The EDRM Data Set Project provides industry-standard, reference data sets of electronically stored information (ESI) and software files that can be used to test various aspects of e-discovery software and services.
These files may contain viruses, as can be the case with any set of files collected during discovery. Appropriate caution should be used when handling the files.
These files may contain personally identifiable information, in spite of efforts to remove that information. If you find PII that you think should be removed, please notify us at firstname.lastname@example.org.
EDRM ESI Reference Data Sets
This initiative collects, evaluates, and publishes ESI data sets for use in testing e-discovery software and services. There are currently four data sets available:
EDRM Enron Email v1 Data Set: An updated set of Enron e-mail messages and attachments.

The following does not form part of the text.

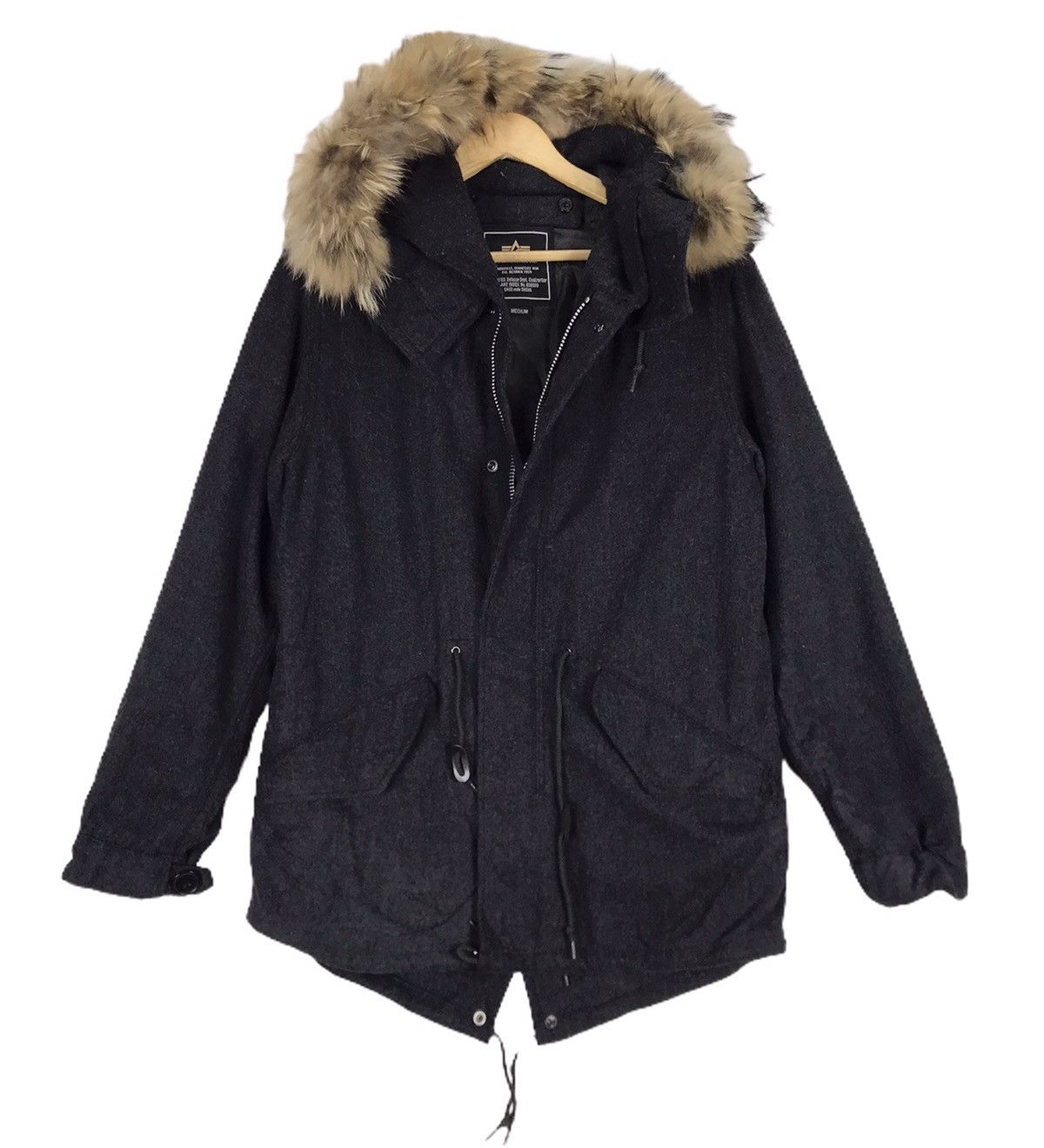 Alpha Industries Alpha Industries Racoon Fur Wool Parka Size US S / EU 44-46 / 1 - 1 Thumbnail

EDRM File Format Data Set: 381 files covering 200 file formats.
EDRM Internationalization Data Set: A snapshot of selected Ubuntu localization mailing list archives covering 23 languages in 724 MB of email.
EDRM Micro Datasets: EDRM has begun to publish what will be a series of “Micro Datasets,” some available to the general public and some for EDRM members only. These datasets are designed for eDiscovery testing and process validation. Software vendors, litigation support organizations, law firms and others may use these smaller sets to qualify support, test speed and accuracy in indexing and search, and conduct more forensically oriented analytics exercises throughout the eDiscovery workflow.